WHAT YOU SHOULD DO:
All of the data must be written out verbatim, with pictures excluded.

GIVEN DATA:
++++++++++++++++++++

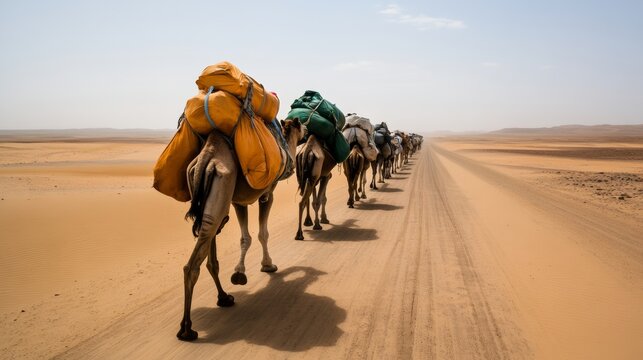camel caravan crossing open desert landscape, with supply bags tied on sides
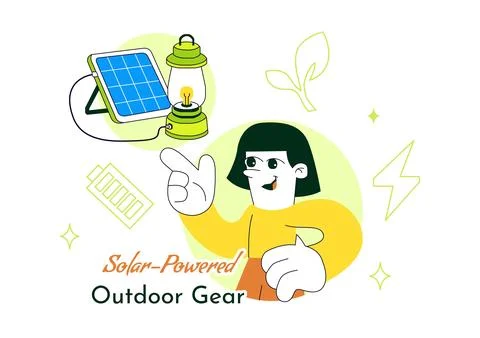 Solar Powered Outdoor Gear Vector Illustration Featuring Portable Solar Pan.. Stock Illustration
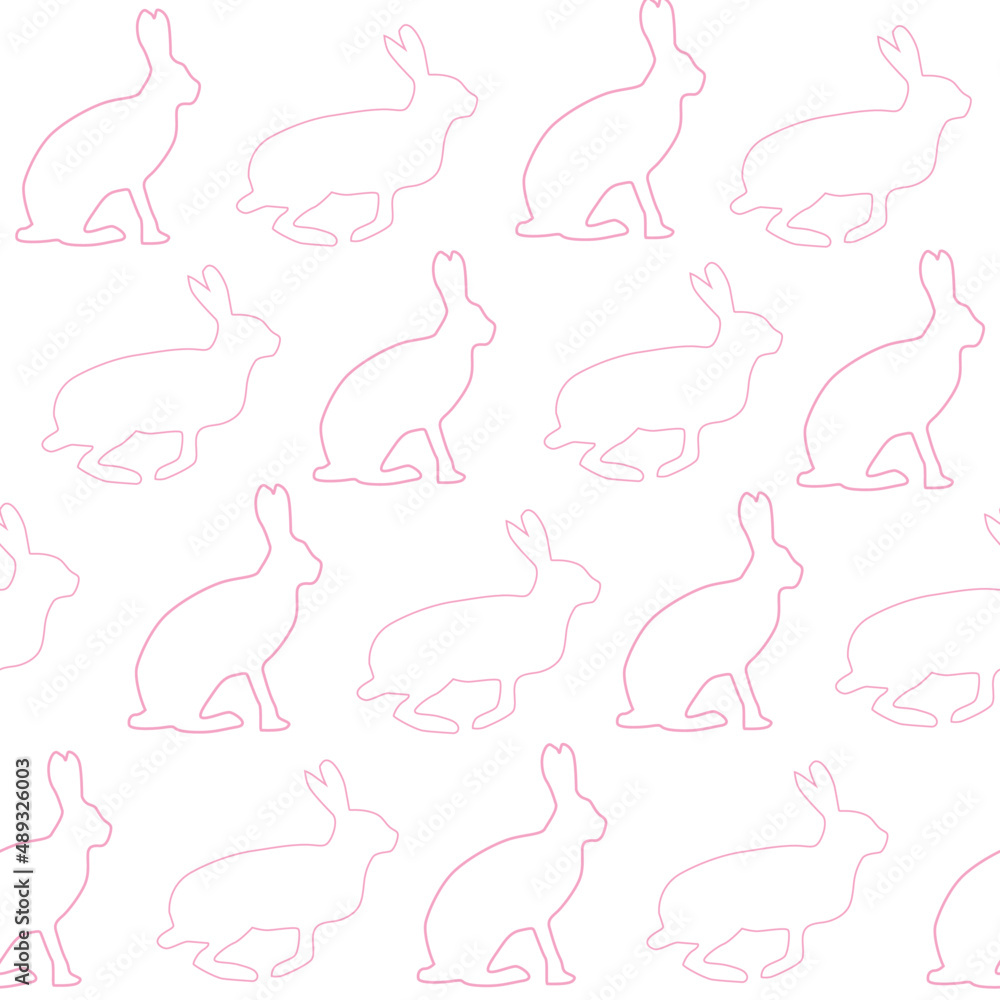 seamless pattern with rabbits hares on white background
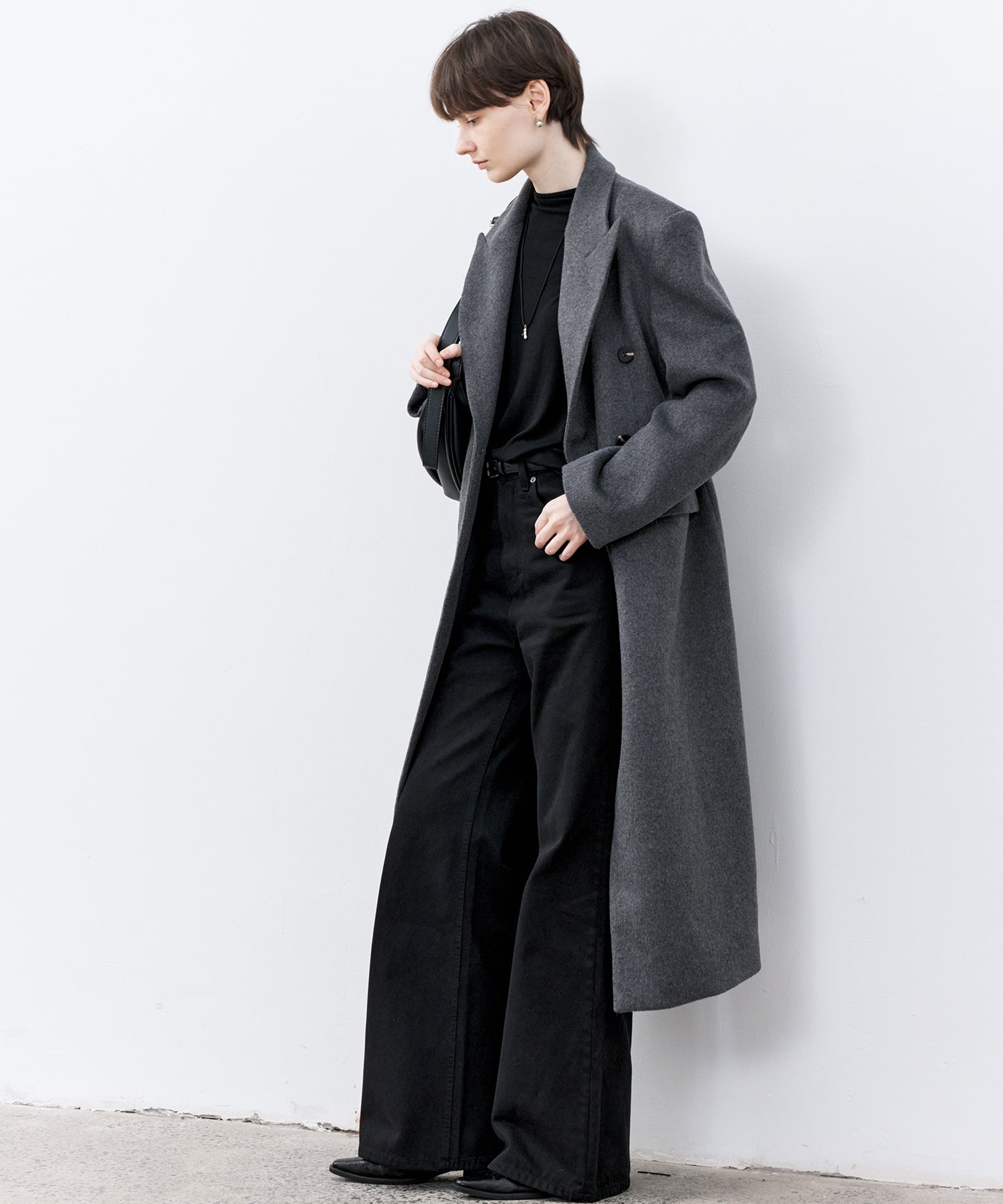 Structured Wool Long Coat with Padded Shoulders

++++++++++++++++++++

ANSWER SECTION:
camel caravan crossing open desert landscape, with supply bags tied on sides
 Solar Powered Outdoor Gear Vector Illustration Featuring Portable Solar Pan.. Stock Illustration
 seamless pattern with rabbits hares on white background
 Structured Wool Long Coat with Padded Shoulders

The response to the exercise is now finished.